Given enough information about future data samples, it is possible to find a class with optimal accuracy.
* Extend `MajorityVoting` algorithm for multi-label classification task and apply it to the data frame `data` below.
* Predict `z` for  `x` and `y` and show the corresponding table of rules.
* What is the corresponding risk if it is defined as the probability of misclassification on `data`? 

In [5]:
data = (DataFrame([(0, 0, 0), (0, 0, 1), (0, 0, 1), (0, 1, 2), (0, 1, 2),
                  (1, 0, 1), (1, 0, 0), (1, 0, 2), (2, 0, 1), 
                  (2, 1, 0), (2, 1, 0), (2, 1, 0), 
                  (3, 1, 1), (3, 1, 1), (3, 1, 1), (3, 1, 2)], columns = ['x', 'y', 'z'])
        .sample(frac=1).reset_index(drop = True))
display(data.head())

Unnamed: 0,x,y,z
0,1,0,2
1,1,0,0
2,3,1,1
3,3,1,1
4,3,1,2


## 2.2. Theoretical analysis of majority voting$^*$ (<font color='red'>3p</font>) 

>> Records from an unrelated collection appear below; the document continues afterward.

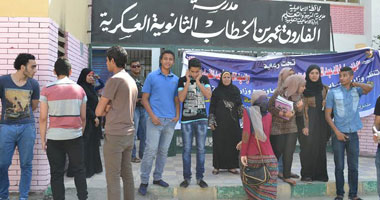 بالصور.. محافظ الإسماعيلية يتابع القافلة التعليمية للمراجعة النهائية 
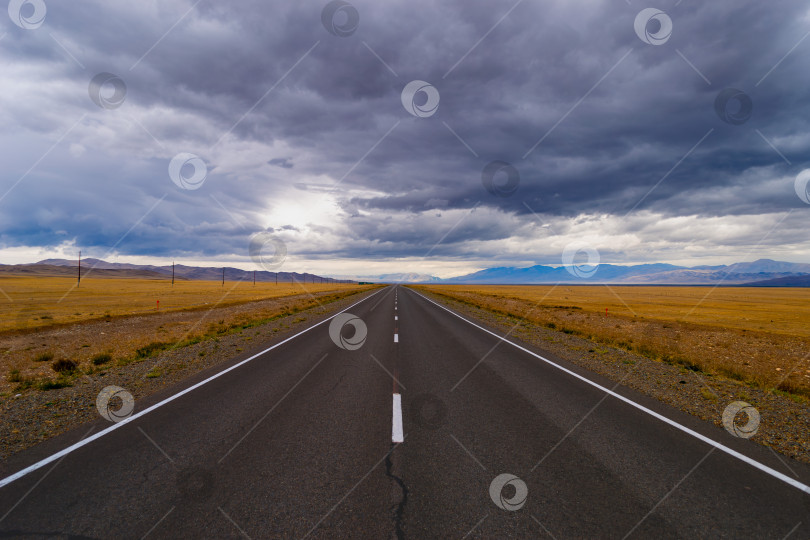 Скачать Чуйский тракт и горы, Республика Алтай, Южная Сибирь, Россия фотосток Ozero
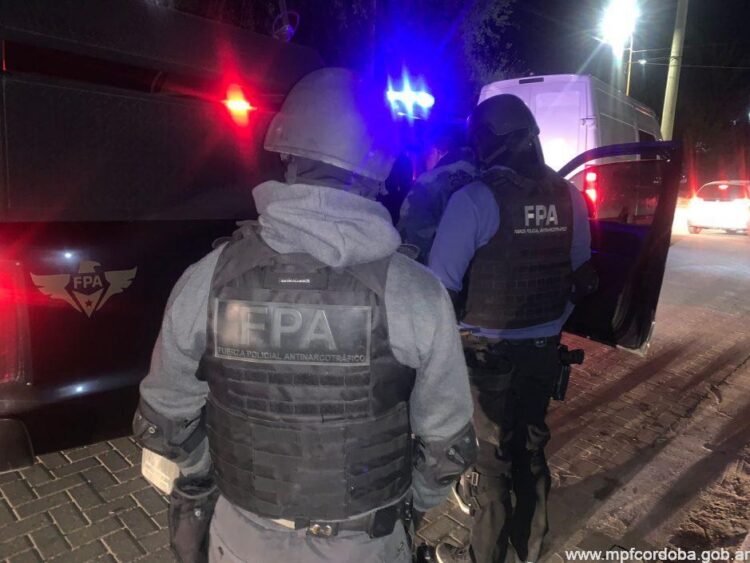 Detuvieron a un hombre y cerraron un punto de venta de drogas en Santa María de Punilla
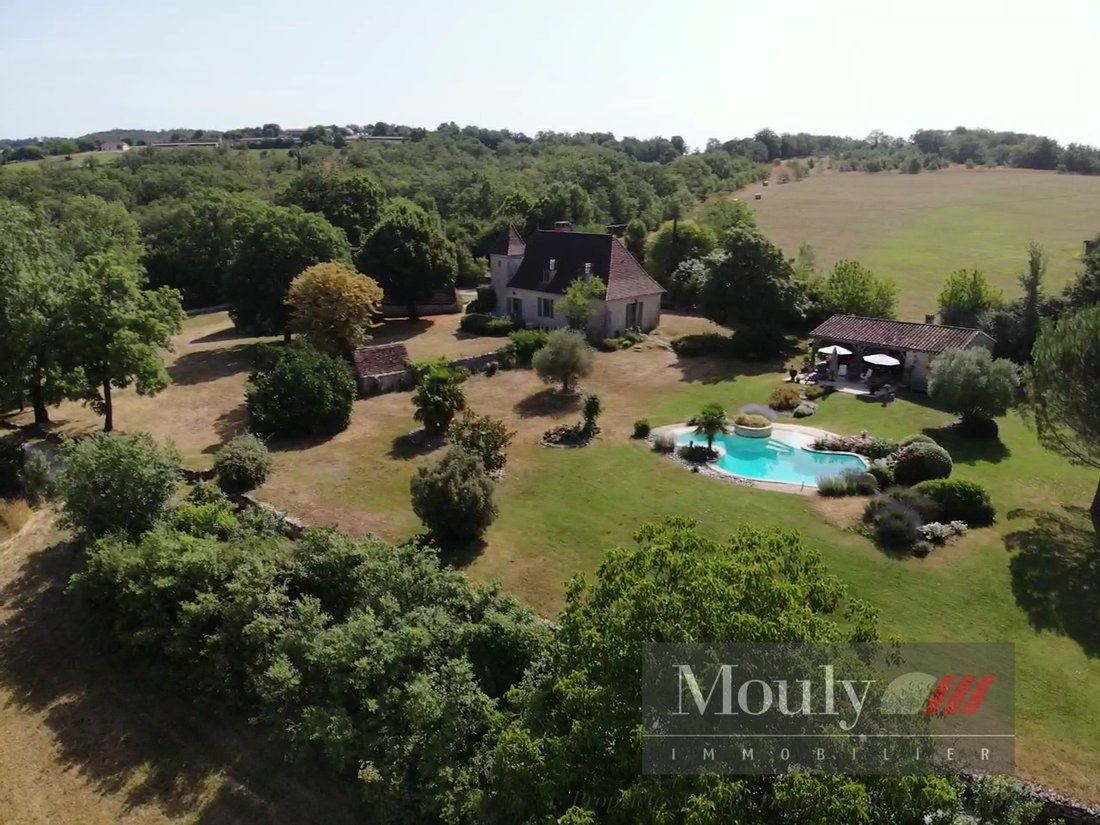 Estate in Seniergues, Occitania, France 2 - 16461854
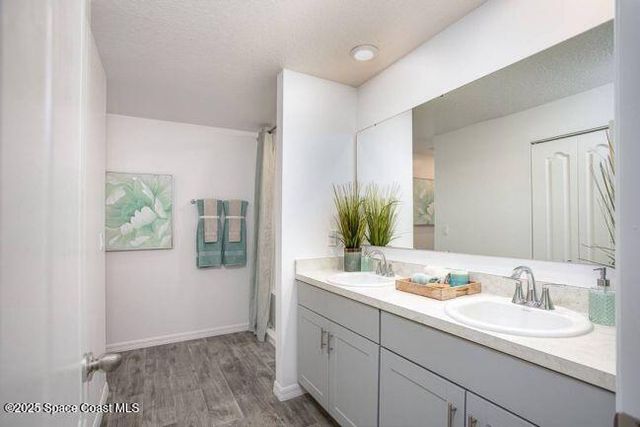 586 Darien Avenue SW, Palm Bay, FL 32908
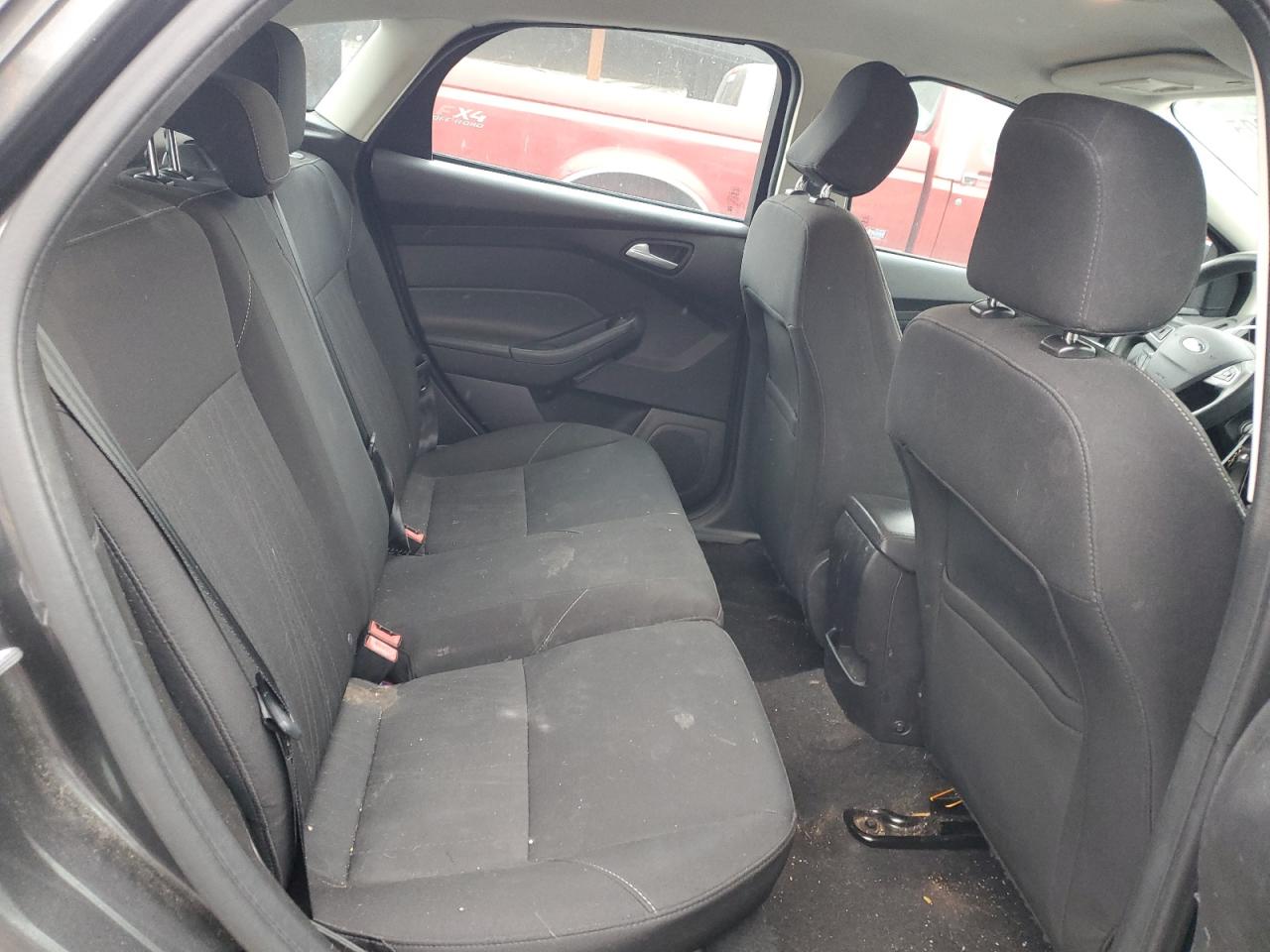 Ford Focus Se Image 8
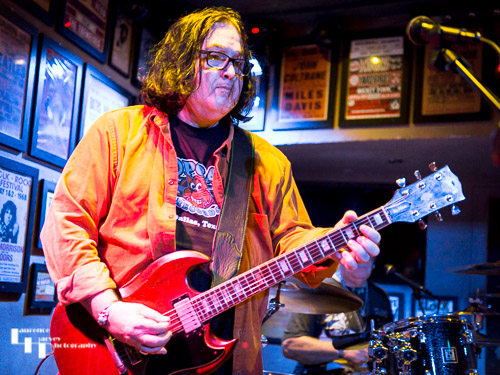 Big Gilson on vocals & guitar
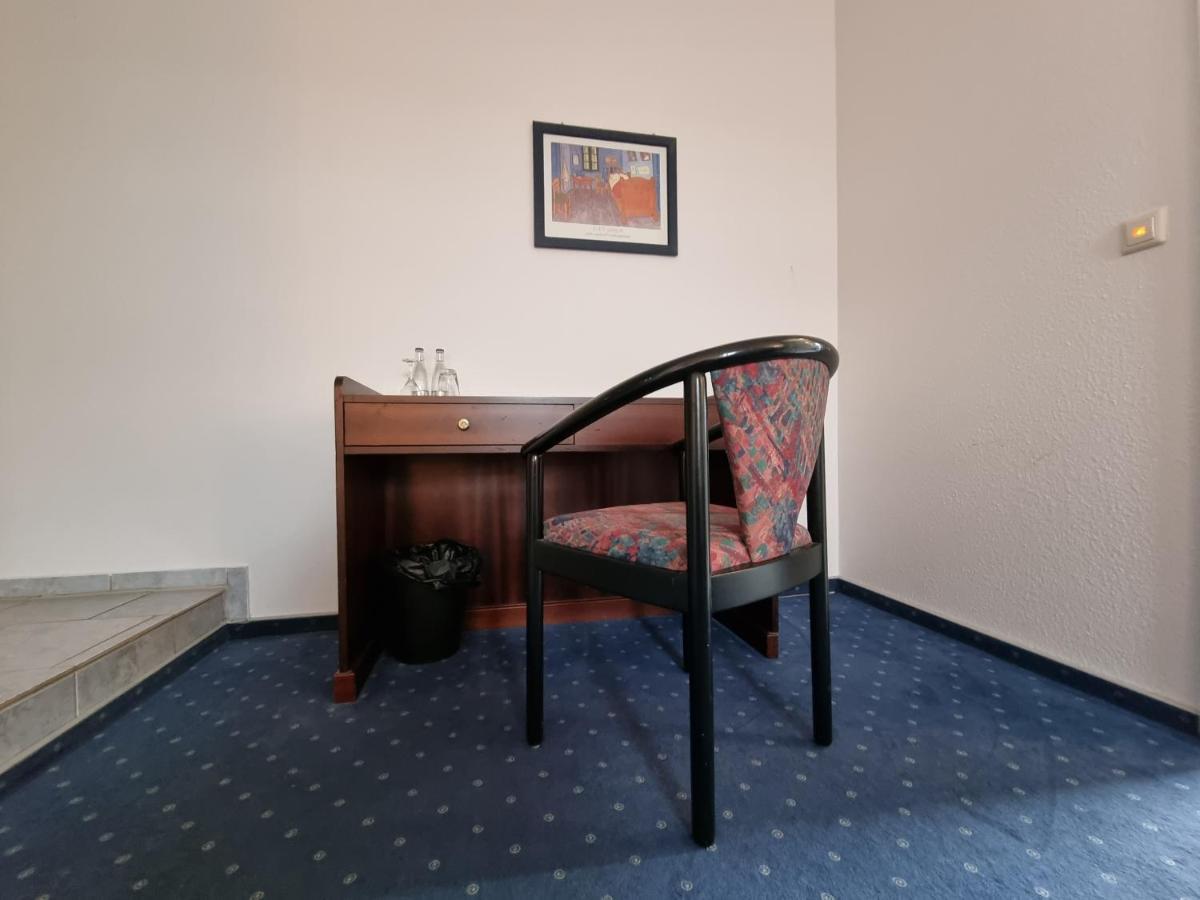 Erbenholz Hotel 拉岑 外观 照片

Explain why the training accuracy is so high for majority voting. 
You can give a theoretical answer or design an experiment to answer the following questions. 
You can consider the extreme case where the features $x_i\in\{0,1\}$ and labels $y\in\{0,1\}$ are sampled randomly. 

* Give a rough estimate how many samples are needed to arrive to the situation where training error is roughly the same as test error. 
 
* How does the sample size depend on the number of dimensions? 
* What changes if some feature values are more probable than the others?